Searching for the way up this Christmas

Posted: Sunday, December 20, 2009

Fans of contemporary jazz music will instantly recognize the memorable title of Pat Metheny's 2006 Grammy Award winning album "The Way Up."

Simply put, "The Way Up" is a masterpiece of composition, executed in Metheny's characteristic gets-stuck-deep-in-your-head style that, once in resonance there, tickles the inside of your skullcap - in a really good way. In fact, I'm listening to it right now.

I'm no music critic. I barely pass as a bassist - ask anyone who has jammed with me - and my description of Metheny's work is not very artful, but I know great music when I hear it.

I guess it's kinda like that for me with matters of faith, too. Though my powers of depiction fall short when I try to put it into words, something inside me awakens, is energized or soothed, or some combination thereof, when I come into contact with God's love for all people. And this time of year, the Christmas season, is a really great time to open yourself to that kind of experience.
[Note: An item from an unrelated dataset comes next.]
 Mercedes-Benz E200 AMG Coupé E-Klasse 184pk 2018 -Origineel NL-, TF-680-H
Here's the deal: Many of us go about our lives searching for the way up. Our culture encourages us to pursue status, title, and privilege. Ambition drives us to seek promotion or higher income. Hunger for more excitement, stimulation, or not wanting to "miss out" on something drives us to exotic destinations or a new hobby or yet another leisure activity.
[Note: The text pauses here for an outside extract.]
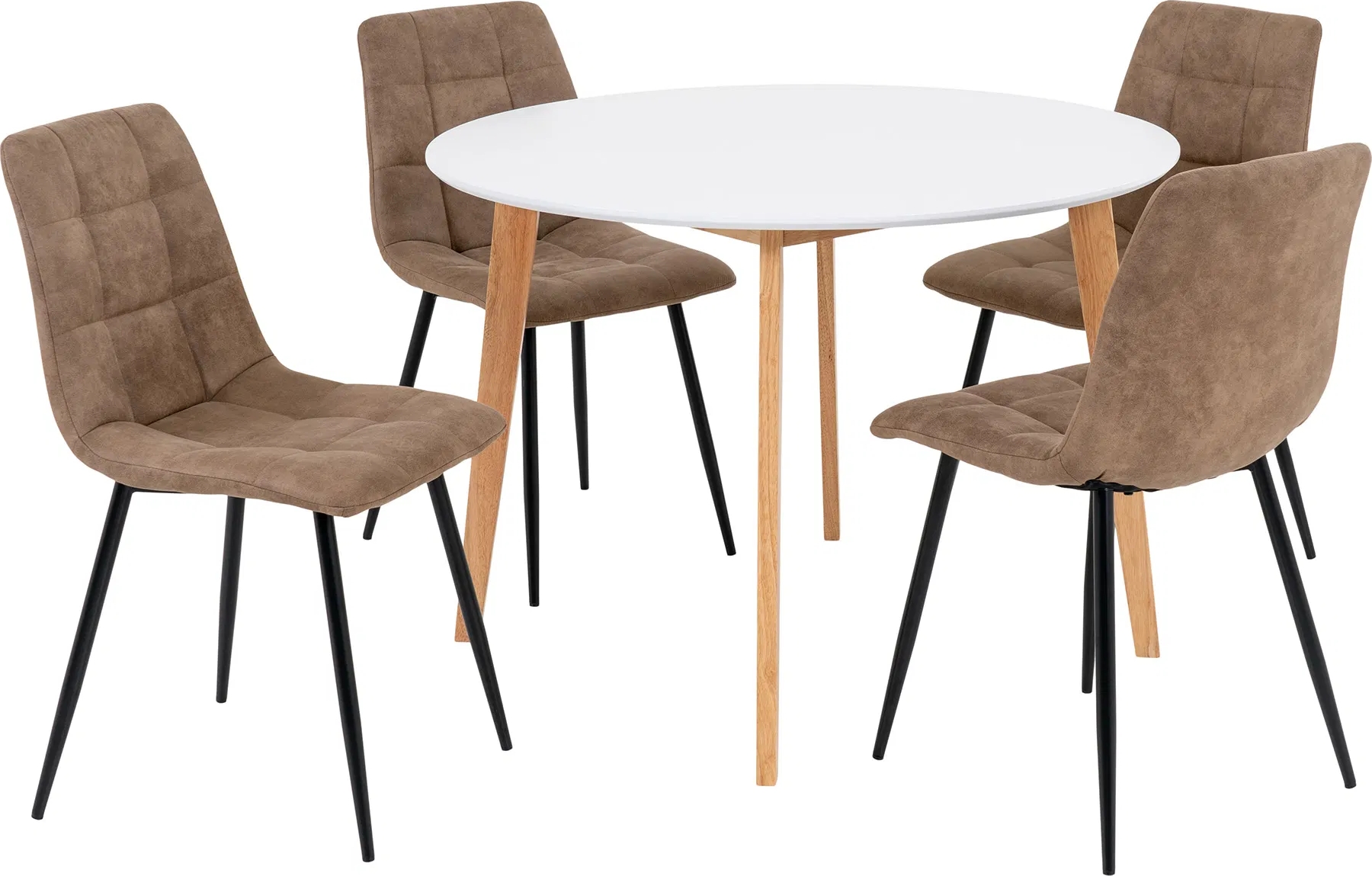 Vojens matvaregruppe - Brun/hvit Vojens matvaregruppe - Brun/hvit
Desire for greater comfort or simple distraction draws us deeper into our personal pleasure cocoon, isolated from the most inconvenient truth that there are people in this world - heck, even in this town - barely surviving. For others, a visceral aching for escape takes us into abuse of substances or behaviors to just get numb - a kind of way out rather than up.

Yet psychologists tell us of something called post-traumatic growth. This is the notion that significant emotional trials, personal crises, prolonged discomfort or shocks to our ego can actually stimulate positive growth in us, bring out our best qualities, even elicit joy upon later reflection.

So, ironically, the stuff in life we are often trying hardest to avoid may be the very things God is using to draw us nearer to Him, strengthen our inner self, maybe even help someone else - a not-so-obvious way up. This is where the Christmas season comes in.

You see, this mystical spirit thingy inside of me springs alive when I hear the story of a King who left the pleasance of His kingdom, a blissful realm where He was continually exalted for His virtue, to come here and serve.

Born as an illegitimate child in indecorous surroundings to a world that would ultimately despise and murder Him, Jesus intentionally accepted the worst demotion in history - the ultimately shock to the ego. But He understood the way up. He knew we needed a way up, too. So I guess He figured it was worth it.

Now He asks if we will follow His example by humbling ourselves to sacrifice, to serve, even to suffer, if necessary, as a path to the way up.

I love jazz (thank you, Ken Burns) ... Pat Metheny, Miles Davis, Billie Holiday, Dexter Gordon, Coleman Hawkins, Chet Baker. Man, something about their music speaks to an inner part of me in a really good way that defies description. These artists have found a way to reach me and take me to places I couldn't go on my own. I guess you could say the same about Jesus. He showed me the way up. Merry Christmas, everybody.